*** Opening of Information shown ***

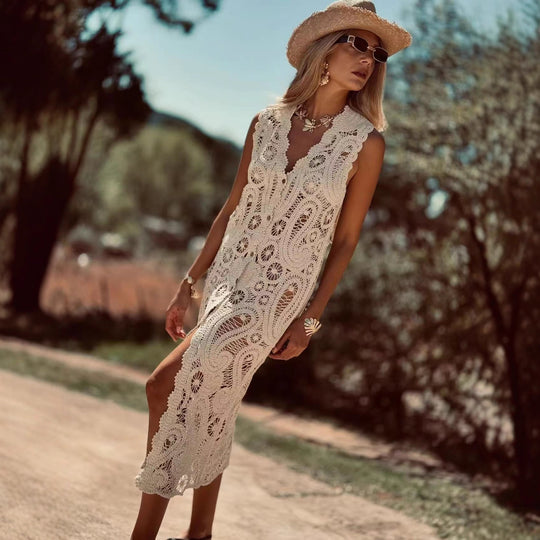 Damen Häkel-Überwurfkleid mit seitlichem Schlitz R&B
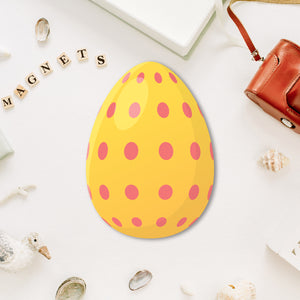 Easter Egg Yellow Wooden Fridge Magnet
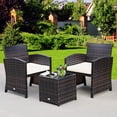 thumbnail image 1 of Costway 3PCS Patio Rattan Wicker Furniture Cushion Sofa Coffee Table White, 1 of 9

*** Close of Information shown ***

### Directions
Write the data above out again exactly, every line of it, and exclude the pictures.

### Solution for this exercise
 Damen Häkel-Überwurfkleid mit seitlichem Schlitz R&B
 Easter Egg Yellow Wooden Fridge Magnet
 thumbnail image 1 of Costway 3PCS Patio Rattan Wicker Furniture Cushion Sofa Coffee Table White, 1 of 9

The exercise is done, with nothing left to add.